--- Information supplied Enclosed Below ---

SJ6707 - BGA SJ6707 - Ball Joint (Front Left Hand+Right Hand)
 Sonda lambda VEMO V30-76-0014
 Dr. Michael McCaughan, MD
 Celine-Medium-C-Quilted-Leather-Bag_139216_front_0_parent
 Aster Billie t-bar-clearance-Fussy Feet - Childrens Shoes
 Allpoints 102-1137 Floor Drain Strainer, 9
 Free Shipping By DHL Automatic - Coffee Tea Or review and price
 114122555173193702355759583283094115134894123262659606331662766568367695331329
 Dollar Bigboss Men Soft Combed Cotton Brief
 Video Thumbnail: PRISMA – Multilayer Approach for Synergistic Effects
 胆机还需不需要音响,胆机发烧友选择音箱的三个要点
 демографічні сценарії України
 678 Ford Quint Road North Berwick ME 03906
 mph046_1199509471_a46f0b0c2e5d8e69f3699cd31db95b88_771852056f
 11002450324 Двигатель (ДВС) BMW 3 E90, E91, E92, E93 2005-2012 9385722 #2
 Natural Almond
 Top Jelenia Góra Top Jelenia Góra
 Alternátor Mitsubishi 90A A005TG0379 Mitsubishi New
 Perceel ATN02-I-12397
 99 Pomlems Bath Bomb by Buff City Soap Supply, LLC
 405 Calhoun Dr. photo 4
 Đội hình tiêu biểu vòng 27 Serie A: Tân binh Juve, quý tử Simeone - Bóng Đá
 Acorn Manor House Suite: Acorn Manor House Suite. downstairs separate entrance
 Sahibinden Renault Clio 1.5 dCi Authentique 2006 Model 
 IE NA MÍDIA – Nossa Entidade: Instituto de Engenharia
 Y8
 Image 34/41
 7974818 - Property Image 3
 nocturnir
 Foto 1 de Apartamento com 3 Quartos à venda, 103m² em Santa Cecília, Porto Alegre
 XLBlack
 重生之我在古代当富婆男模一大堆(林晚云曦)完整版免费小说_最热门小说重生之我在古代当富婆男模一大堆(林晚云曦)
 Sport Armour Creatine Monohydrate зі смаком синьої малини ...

--- End of Enclosed Information supplied ---

## Aim of the task
Whenever a line above has the word "Image" in it, copy that line.

## Output of the exercise
 Image 34/41
 7974818 - Property Image 3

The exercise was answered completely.